A Man of Faith

Few businesses are as imbued with risk as farming.  Every season, farmers across the country repeat the cycle of incurring major cost to raise a crop, not knowing what the season will bring.  Seed goes in the ground without any guarantee that crops will make it to harvest or that the markets will cooperate enough to make a profit.  So, naturally, being a farmer means having a lot of faith – faith in the weather, family, equipment, yourself, or the divine – that everything will make it through.

For Mark Miller, 49, a 5th generation farmer from Hurley, SD, faith is not only the most important part of farming, but the most important part of his life.

“Farming for me is one of those things that I realized that God owns everything, and I’m just the manager,” Miller said.  “Then, it really clicked for me.  God is in charge.  He has the power, and I’m just his manager.”

Managing risk on his 1000-acre corn and soybean farm then becomes a way to extend and reinforce that faith.  As a part of that management plan, Mark has worked with the agronomists at Hefty Seed Company in Freeman, SD since the store opened back in the early 2000s.  At first, simply saving money on products was enough to earn his business, but what kept him engaged was the company’s efforts to inform farmers about all the ways they could improve their bottom line.

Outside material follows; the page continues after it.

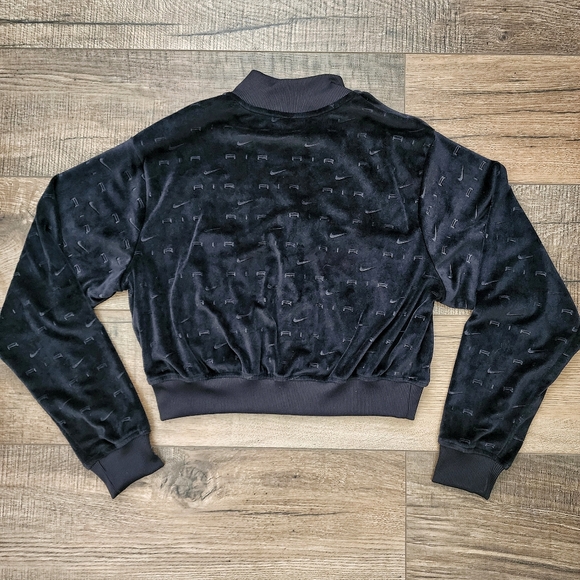 Nike Air Velour Women All Over Swoosh Print Cropped Jacket Black Size SMALL - Picture 3 of 8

Mark Miller with his wife and children (left to right): Kate, Luke, Sharia, Mark, and Emily. It is rare for any farm to have just a singe operator – ever member of the family contributes in some way.

“I thought, ‘Wow I’m saving a lot of money going to these guys,’” Mark said.  “I’ve become more and more of a customer over the years because I was impressed with how they do things like education.”

Shortly after started to work with the Freeman store, Mark began watching Ag PhD TV and attending workshops, and he tries to catch all the workshops that are held in his area each year on topics such as crop protection programs, rebates, and the latest in ag technology.  However, his favorite workshop continues to be the Ag PhD Soils Clinic.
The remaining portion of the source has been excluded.